Дисциплина в созданном им войске обещала быть железной. Однако, если посмотреть на организацию войска попристальнее, то там можно найти некоторые страннейшие детали: говоря об устройстве караулов, хан вдруг упоминает вещи непонятные: какое отношение к этим стражам имеют, скажем, девушки и челядь? При чем тут воины и… обслуга? Вот это соединение обыденной жизни с военной и есть самый любопытный факт нововведений: хан попросту сделал всю свою страну одним огромным войском, ввел в ней ту же дисциплину, что полагалась раньше только для нукеров.
В эту единую монгольскую казарму попали все — мужчины и женщины. Так что не удивляйтесь, когда в главах, посвященных устройству гвардии, вы прочтете следующее:
«В ведении кебтеулов состоят придворные дамы-чербин и девушки, домочадцы, верблюжьи пастухи — темечины и коровьи пастухи — хукерчины; на попечении тех же кебтеулов находятся и дворцовые юрты-телеги. Знамена, барабаны и копейные древка также хранят кебтеулы. Они же имеют наблюдение и за нашим столом. Равным образом кебтеулы имеют наблюдение за тем жертвенным мясом и пищей, которые предназначаются для тризн на могильниках.
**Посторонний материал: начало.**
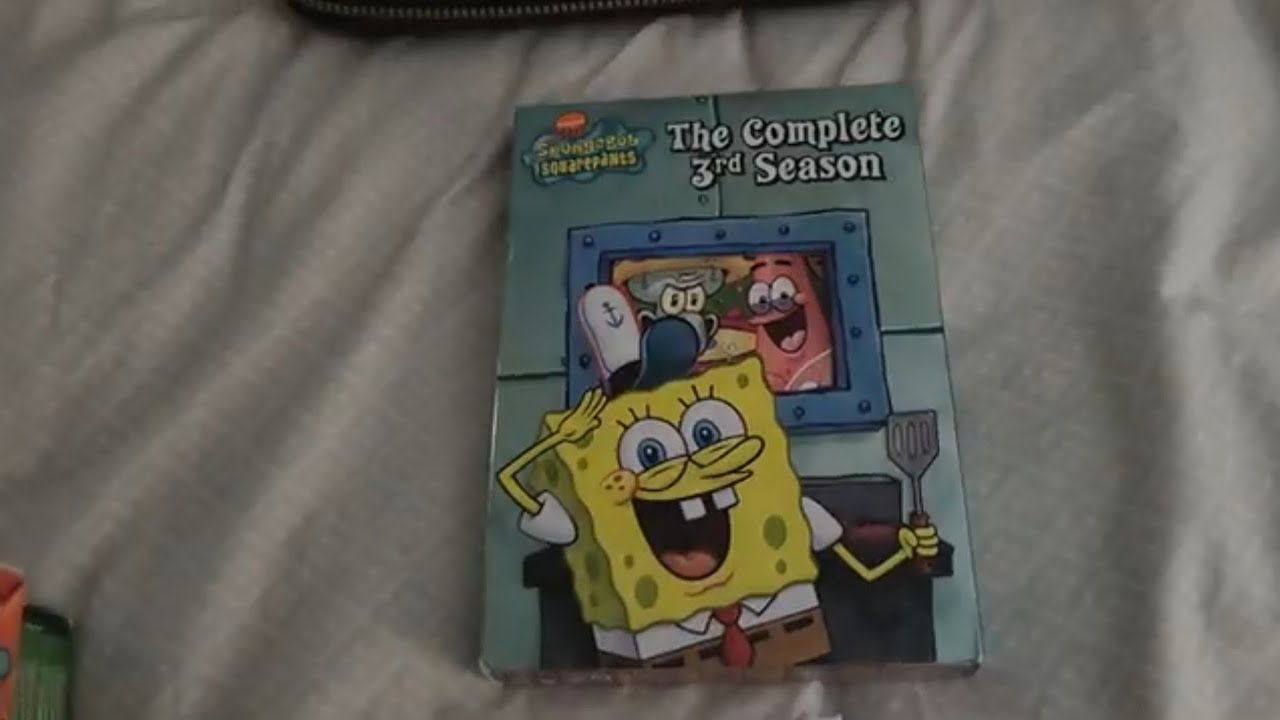 (未使用･未開封品)Complete 3rd Season [DVD] SpongeBob SquarePants - The Complete 3rd Season 97368775442| eBay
Всякие растраты продовольственных припасов взыскиваются с заведующих таковыми кебтеулов. При раздаче питья и кушаний стрельцы-хорчины обязаны начинать раздачу с кебтеулов, самую же раздачу производить не иначе, как по разрешению кебтеулов. Кебтеулы имеют наблюдение за всеми входящими и выходящими из дворца. При дверях должен постоянно дежурить дверник-кебтеул, около самой юрты. Двое из кебтеулов состоят при Великой Виннице. От кебтеулов же назначается кочевщик-нунтуучин, который устраивает на стоянку и дворцовые юрты. Когда мы отбываем на соколиную охоту или звериную облаву, в таковых наших занятиях принимают участие и кебтеулы, оставляя, однако, известную часть кебтеулов, соображаясь с обстоятельствами и временем, при юртовых телегах.
…Если мы самолично не выступаем на войну, то и кебтеулы без нас да не выступают на войну. При таковом нашем ясном повелении будем привлекать к строжайшей ответственности тех ведающих военными делами чербиев, которые пошлют кебтеулов на войну, злонамеренно нарушив наше повеление… Кебтеулы принимают участие в разрешении судебных дел в Зарго, совместно с Шиги-Хутуху. Под наблюдением кебтеулов производится раздача сайдаков, луков, панцырей и пик. Они же состоят при уборке меринов и погрузке вьючной клади. Совместно с чербиями кебтеулы распределяют ткани. При назначении стоянки для стрельцов-хорчинов и Дневной стражи турхаутов, с правой стороны от дворца надлежит располагать Есунтеевых и Букидаевых стрельцов и Алчидаеву, Оголееву и Ахутаеву Дневную стражу. С левой стороны от дворца располагаются турхауты Буха, Додай-чербия, Дохолху-чербия и Чаная. Архаевы богатыри должны занимать пост перед дворцом. Кебтеулы, на попечении которых находятся дворцовые юрты-телеги, держатся возле самого дворца, елевой стороны от него. Додай-черби, управляя дворцовыми делами, заведует также и всеми окружающими дворец кешиктенами-турхаутами, дворцовыми домочадцами, конюхами, овчарами, верблюжьими и коровьими пастухами. Заведуя всем этим, Додай-черби располагается в тылу. Он, как говорится, „отбросом питается, конским пометом отепляется“…»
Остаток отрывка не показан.